## Source data

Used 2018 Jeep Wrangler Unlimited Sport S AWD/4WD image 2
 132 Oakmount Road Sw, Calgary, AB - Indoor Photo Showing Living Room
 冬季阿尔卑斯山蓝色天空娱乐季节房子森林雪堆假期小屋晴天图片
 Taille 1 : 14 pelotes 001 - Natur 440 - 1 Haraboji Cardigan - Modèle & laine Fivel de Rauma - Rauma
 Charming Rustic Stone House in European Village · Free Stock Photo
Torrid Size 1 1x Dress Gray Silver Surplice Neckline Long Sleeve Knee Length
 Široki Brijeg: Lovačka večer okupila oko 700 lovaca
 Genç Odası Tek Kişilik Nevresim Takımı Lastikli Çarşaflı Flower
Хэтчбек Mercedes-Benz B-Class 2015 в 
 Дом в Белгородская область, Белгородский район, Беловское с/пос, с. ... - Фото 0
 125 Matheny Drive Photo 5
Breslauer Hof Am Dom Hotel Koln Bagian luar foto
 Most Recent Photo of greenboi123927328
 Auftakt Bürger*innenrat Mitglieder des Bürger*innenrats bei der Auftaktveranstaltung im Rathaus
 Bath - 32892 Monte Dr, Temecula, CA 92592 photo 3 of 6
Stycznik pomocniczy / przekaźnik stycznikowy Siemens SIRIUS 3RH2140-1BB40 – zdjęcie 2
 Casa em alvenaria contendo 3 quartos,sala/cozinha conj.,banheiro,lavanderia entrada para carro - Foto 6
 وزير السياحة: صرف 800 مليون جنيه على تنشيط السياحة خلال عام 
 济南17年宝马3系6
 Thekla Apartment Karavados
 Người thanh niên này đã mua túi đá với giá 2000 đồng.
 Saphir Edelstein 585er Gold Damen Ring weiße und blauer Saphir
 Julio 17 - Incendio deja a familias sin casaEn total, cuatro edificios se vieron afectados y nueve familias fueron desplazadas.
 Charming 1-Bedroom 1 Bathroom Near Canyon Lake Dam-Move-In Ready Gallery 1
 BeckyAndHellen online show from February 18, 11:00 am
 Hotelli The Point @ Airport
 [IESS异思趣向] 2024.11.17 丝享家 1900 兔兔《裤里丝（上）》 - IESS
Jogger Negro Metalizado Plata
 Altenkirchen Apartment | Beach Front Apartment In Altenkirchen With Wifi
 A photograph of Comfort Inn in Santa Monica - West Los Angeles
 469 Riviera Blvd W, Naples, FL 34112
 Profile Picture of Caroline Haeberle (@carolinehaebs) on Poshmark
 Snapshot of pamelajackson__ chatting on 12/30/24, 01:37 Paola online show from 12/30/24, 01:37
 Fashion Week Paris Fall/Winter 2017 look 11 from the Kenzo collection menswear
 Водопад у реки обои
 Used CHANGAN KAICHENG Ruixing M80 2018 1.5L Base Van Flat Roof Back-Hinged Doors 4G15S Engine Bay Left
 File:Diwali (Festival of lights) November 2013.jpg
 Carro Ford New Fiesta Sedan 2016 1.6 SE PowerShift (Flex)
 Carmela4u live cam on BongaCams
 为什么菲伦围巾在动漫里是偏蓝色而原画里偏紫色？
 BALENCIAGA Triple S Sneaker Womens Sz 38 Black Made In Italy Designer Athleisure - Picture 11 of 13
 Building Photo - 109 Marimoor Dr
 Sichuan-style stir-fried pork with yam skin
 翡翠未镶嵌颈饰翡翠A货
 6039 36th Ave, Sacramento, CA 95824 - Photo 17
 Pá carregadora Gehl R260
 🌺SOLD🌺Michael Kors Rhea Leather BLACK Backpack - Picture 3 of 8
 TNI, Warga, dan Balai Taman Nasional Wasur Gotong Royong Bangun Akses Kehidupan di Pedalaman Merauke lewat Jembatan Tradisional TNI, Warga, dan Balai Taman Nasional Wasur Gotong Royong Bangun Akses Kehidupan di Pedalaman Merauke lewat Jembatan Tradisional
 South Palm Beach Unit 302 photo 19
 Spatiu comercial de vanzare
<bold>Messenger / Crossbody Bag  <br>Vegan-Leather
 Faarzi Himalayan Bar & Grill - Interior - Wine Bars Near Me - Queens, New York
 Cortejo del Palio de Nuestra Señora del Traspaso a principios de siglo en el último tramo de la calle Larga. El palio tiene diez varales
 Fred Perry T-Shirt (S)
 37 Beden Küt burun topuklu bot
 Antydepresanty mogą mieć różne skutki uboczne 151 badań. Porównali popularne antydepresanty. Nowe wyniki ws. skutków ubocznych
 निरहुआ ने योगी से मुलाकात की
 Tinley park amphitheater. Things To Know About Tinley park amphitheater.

## Problem details
Of the lines above, extract only those from the line with "Auftakt Bürger*innenrat Mitglieder" to the line with "Charming 1-Bedroom 1", both included, exactly as written.

## Result below
 Auftakt Bürger*innenrat Mitglieder des Bürger*innenrats bei der Auftaktveranstaltung im Rathaus
 Bath - 32892 Monte Dr, Temecula, CA 92592 photo 3 of 6
Stycznik pomocniczy / przekaźnik stycznikowy Siemens SIRIUS 3RH2140-1BB40 – zdjęcie 2
 Casa em alvenaria contendo 3 quartos,sala/cozinha conj.,banheiro,lavanderia entrada para carro - Foto 6
 وزير السياحة: صرف 800 مليون جنيه على تنشيط السياحة خلال عام 
 济南17年宝马3系6
 Thekla Apartment Karavados
 Người thanh niên này đã mua túi đá với giá 2000 đồng.
 Saphir Edelstein 585er Gold Damen Ring weiße und blauer Saphir
 Julio 17 - Incendio deja a familias sin casaEn total, cuatro edificios se vieron afectados y nueve familias fueron desplazadas.
 Charming 1-Bedroom 1 Bathroom Near Canyon Lake Dam-Move-In Ready Gallery 1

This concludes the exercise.